Flood debris cornstalks

Cornstalk accumulations continue to pose a challenge for many farmers as they prepare for spring fieldwork and planting.

Editor’s note: The following was written by John Wilson, University of Nebraska Extension educator, for the university’s Crop Watch website April 19.


Without a doubt, the question of what to do with cornstalks that accumulated almost everywhere has been one of the most frequent questions following the March flooding.

Cornstalk accumulations have varied from a few inches to a few feet deep. This has and continues to pose a challenge for many farmers as they prepare for spring fieldwork and planting.

If the layer of stalks isn’t too deep — 4 inches or less — they can be incorporated into the soil with tillage. One word of caution: The soil underneath a layer of cornstalks will dry even slower than fields without the extra crop residue.

Doing tillage or other field work before the soil has dried can cause compaction and create ruts, resulting in a greater problem than originally created by the stalks.

If the layer of stalks is greater than 4 inches, and unfortunately most of them are, there aren’t a lot of good options. The stalks can be burned, spread, composted or stockpiled for spreading at a later time, probably after harvest this fall.

Burning may be the easiest method if they dry out enough. When burning, always remember to consider where the fire can travel and get a burn permit from the fire department.

Spreading is an option if the stalks aren’t too deep and you have the equipment to do this.
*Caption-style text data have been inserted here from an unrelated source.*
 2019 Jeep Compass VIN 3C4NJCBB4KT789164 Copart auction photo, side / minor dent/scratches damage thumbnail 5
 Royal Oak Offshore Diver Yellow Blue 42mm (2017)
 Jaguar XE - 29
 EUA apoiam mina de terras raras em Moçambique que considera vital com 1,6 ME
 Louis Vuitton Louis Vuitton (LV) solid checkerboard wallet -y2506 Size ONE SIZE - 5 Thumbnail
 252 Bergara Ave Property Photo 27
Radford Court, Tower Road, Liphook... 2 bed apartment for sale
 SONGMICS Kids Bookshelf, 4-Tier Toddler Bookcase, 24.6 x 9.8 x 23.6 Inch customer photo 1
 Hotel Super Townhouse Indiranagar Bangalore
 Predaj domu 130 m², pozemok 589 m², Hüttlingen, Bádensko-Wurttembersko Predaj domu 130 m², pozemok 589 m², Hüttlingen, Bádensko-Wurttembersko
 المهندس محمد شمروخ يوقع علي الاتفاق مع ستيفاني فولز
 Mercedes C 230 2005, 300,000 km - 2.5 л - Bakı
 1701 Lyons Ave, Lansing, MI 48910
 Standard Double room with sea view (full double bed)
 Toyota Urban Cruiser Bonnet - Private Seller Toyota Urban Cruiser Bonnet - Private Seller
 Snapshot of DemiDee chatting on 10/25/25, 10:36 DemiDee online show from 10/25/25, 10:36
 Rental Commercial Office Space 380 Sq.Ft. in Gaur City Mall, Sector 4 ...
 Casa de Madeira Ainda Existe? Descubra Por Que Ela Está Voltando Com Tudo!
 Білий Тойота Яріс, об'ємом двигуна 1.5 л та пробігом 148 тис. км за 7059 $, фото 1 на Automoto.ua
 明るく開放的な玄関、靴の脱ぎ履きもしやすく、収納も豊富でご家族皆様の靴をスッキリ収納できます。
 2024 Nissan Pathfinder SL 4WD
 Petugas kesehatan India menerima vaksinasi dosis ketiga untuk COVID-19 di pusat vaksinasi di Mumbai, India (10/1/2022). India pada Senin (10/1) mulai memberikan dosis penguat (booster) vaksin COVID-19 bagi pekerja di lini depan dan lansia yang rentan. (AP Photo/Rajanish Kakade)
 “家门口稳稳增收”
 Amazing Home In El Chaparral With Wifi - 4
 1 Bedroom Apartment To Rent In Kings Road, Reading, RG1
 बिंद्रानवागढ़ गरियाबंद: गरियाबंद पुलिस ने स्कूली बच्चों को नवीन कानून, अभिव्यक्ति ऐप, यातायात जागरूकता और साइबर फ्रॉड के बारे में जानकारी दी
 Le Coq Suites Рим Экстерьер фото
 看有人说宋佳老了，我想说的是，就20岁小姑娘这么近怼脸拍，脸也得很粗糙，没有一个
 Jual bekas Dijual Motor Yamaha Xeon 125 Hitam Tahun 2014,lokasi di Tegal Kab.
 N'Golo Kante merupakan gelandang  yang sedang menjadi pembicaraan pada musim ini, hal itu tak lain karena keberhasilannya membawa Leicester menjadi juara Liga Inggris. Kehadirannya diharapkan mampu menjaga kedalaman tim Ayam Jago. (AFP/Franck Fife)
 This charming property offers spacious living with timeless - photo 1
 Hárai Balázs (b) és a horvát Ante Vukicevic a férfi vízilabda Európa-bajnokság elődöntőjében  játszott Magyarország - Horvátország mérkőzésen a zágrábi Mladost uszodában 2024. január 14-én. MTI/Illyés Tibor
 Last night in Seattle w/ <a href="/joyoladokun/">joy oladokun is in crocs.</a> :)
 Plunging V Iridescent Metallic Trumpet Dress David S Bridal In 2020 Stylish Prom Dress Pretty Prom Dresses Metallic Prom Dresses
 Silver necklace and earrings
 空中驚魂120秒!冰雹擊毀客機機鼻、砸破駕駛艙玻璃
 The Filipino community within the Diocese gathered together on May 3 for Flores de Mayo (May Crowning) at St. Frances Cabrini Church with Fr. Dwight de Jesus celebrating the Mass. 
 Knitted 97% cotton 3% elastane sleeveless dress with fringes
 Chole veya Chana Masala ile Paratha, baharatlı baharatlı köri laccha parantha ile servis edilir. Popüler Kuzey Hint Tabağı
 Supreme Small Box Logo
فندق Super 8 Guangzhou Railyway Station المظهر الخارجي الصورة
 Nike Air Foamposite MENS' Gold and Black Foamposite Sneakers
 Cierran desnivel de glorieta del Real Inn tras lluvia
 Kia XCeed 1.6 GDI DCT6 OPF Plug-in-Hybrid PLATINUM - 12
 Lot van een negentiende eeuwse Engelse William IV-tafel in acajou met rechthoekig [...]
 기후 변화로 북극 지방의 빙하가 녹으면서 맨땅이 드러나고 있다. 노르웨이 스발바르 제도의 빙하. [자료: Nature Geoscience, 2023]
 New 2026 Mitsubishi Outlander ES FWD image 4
Once you spread them, they will dry faster and you can either burn them or incorporate them into the soil.

One thing that is important to remember any time you incorporate organic material into the soil, cornstalks and similar debris are high in carbon content and low in nitrogen. The microbes in the soil need nitrogen to break down the carbon-based materials and will take residual nitrogen from the soil to aid in this process. In doing so, they may create a temporary nitrogen deficiency for crops that were planted. You may need to increase your nitrogen fertilizer rate to offset this tie-up of nitrogen in the soil.

Composting cornstalks is not the same as piling them in a corner of the field. To compost cornstalks, you will need to turn and mix them periodically, maybe once a month over the summer. This will increase the rate they break down.

You might form a big windrow of stalks along the edge of a field with enough room to turn and mix the stalks with a loader, lifting and pushing the windrow over onto adjacent new ground. The next time repeat the process and move the windrow back on the original ground.

Stockpiling cornstalks in a pile at the edge of the field will allow for some breakdown to occur, but the rate will be slower than if they were mixed and composted. Stockpiling will take the least ground out of production. Then at a later date — probably this fall after harvest — you can spread the stalks on the field in a layer thin enough that it won’t cause problems with fieldwork or planting the following year.

Unfortunately there is not a great option for dealing with cornstalks that accumulated because of the flooding in March. You will need to assess the amount of cornstalks and the equipment you have available to determine which option will work best for you to manage them on your farm.